- _Entries provided_
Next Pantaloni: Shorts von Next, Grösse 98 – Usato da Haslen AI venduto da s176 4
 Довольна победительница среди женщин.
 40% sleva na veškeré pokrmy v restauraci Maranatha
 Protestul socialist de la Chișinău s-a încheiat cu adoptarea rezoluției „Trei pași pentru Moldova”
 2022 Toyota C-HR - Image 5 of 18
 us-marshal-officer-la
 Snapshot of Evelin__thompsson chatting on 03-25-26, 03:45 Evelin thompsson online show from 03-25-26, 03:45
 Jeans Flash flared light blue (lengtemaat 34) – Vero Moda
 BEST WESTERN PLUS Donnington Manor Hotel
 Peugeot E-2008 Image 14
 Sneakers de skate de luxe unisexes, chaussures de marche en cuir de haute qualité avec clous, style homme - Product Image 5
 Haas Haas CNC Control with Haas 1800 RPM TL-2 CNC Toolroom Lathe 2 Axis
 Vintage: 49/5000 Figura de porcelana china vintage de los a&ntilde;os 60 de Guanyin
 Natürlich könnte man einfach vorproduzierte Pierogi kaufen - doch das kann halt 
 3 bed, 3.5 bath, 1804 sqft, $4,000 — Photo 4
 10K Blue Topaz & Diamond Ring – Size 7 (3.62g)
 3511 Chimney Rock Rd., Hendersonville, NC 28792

- _What needs to be done_
Output the line that contains "Haas Haas CNC", followed by every later line in the listing, with no line omitted and none added.

- _Answer to this task_
 Haas Haas CNC Control with Haas 1800 RPM TL-2 CNC Toolroom Lathe 2 Axis
 Vintage: 49/5000 Figura de porcelana china vintage de los a&ntilde;os 60 de Guanyin
 Natürlich könnte man einfach vorproduzierte Pierogi kaufen - doch das kann halt 
 3 bed, 3.5 bath, 1804 sqft, $4,000 — Photo 4
 10K Blue Topaz & Diamond Ring – Size 7 (3.62g)
 3511 Chimney Rock Rd., Hendersonville, NC 28792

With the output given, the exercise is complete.